# Supplied material
________

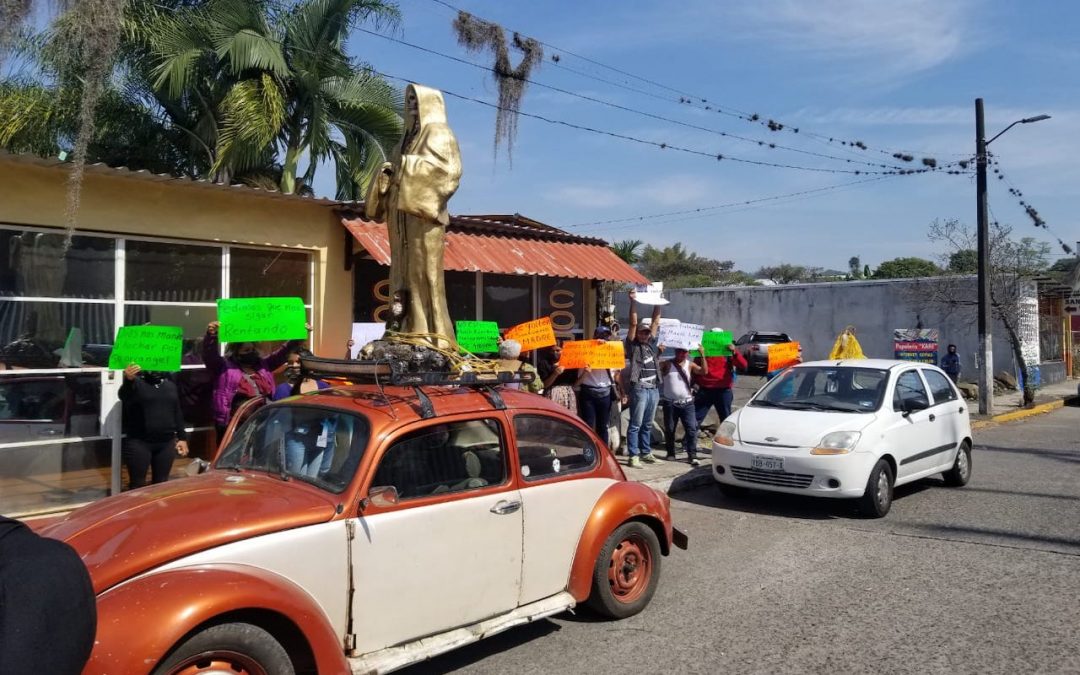 Seguidores de la Santa Muerte protestaron frente a las instalaciones del Poder Judicial de Córdoba para manifestarse en contra del desalojo que presuntamente el dueño del local que utilizan como santuario pretende cometer en su contra. 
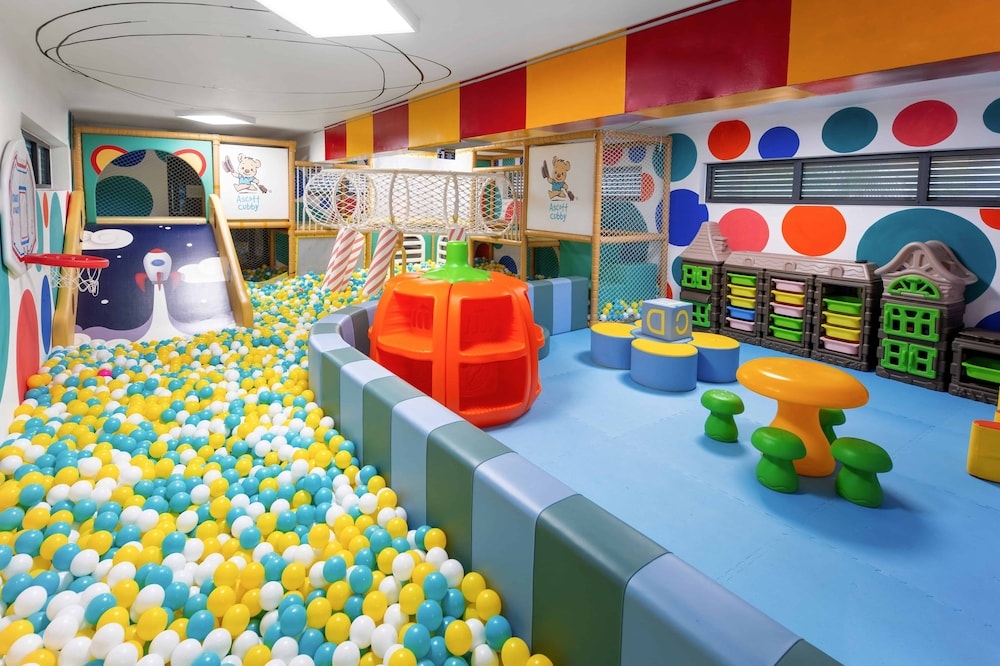 어린이 놀이 공간 - 실내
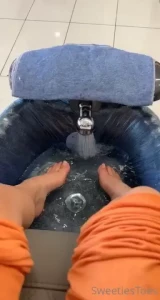 SweetiesToes [ yourfeetsweetie ] Onlyfans leaked video 18212682 on Hotleaks.tv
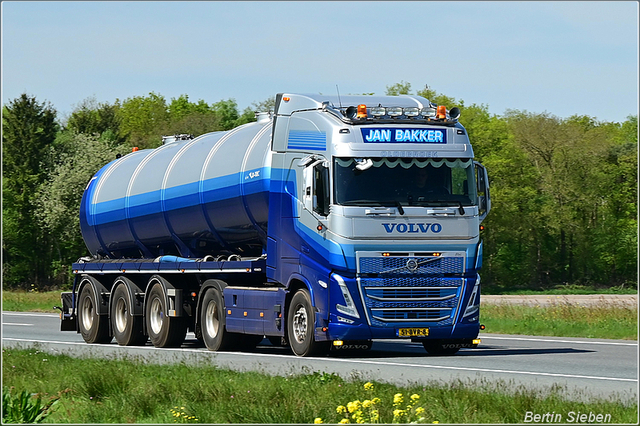 DSC 6013-border 2024-04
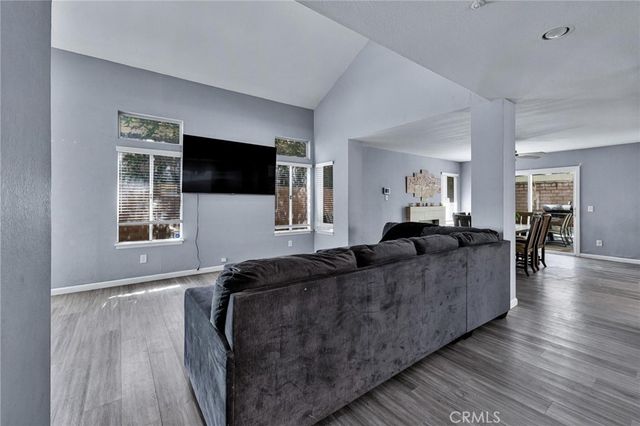 16045 Peach Tree, Fontana, CA 92337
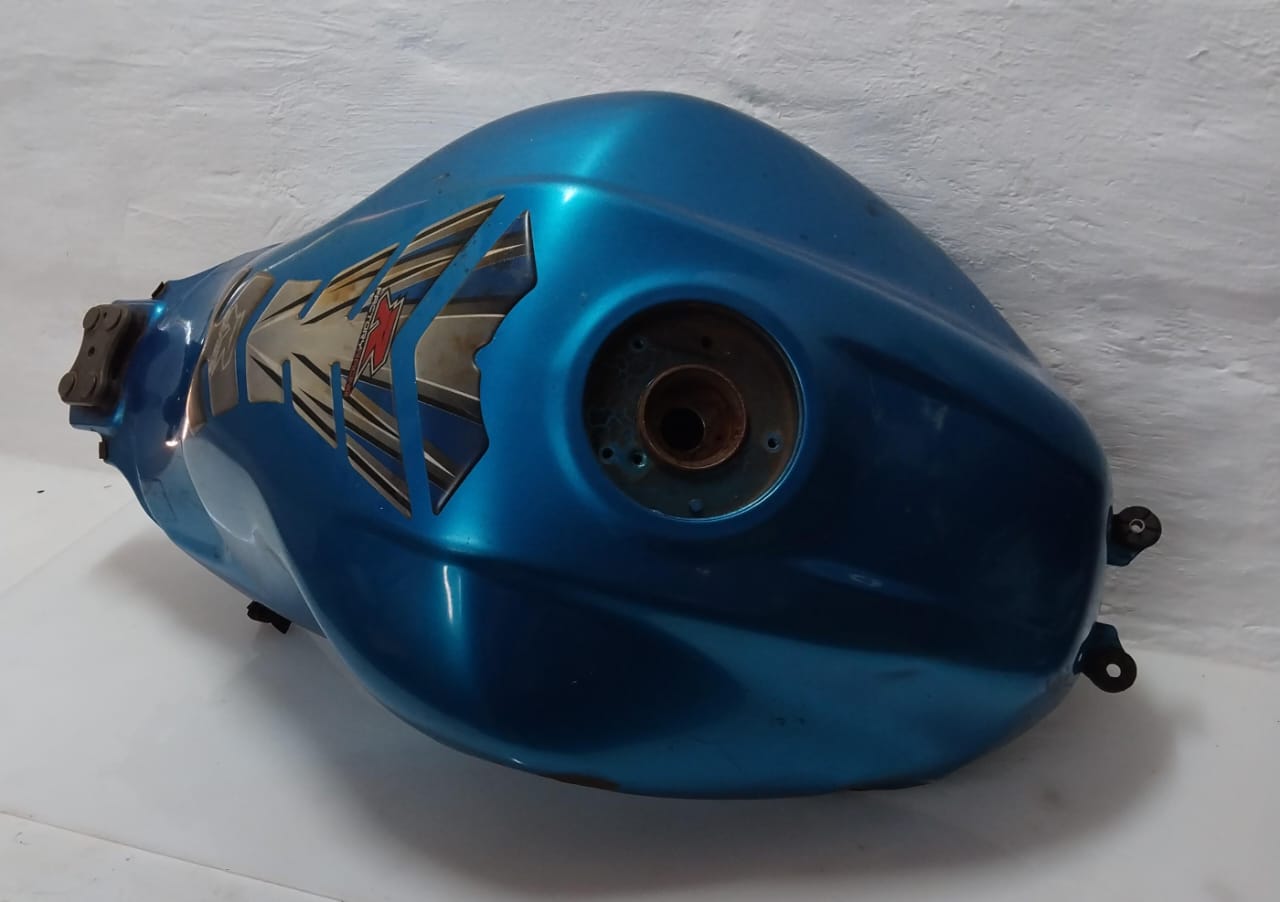 Suzuki SV650 SV 650 Fuel Tank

________

Exactly those lines that run from the line holding "DSC 6013-border 2024-04" to the end of the listing above, both included, are to be reproduced, with pictures left out.

# Result for this exercise
 DSC 6013-border 2024-04
 16045 Peach Tree, Fontana, CA 92337
 Suzuki SV650 SV 650 Fuel Tank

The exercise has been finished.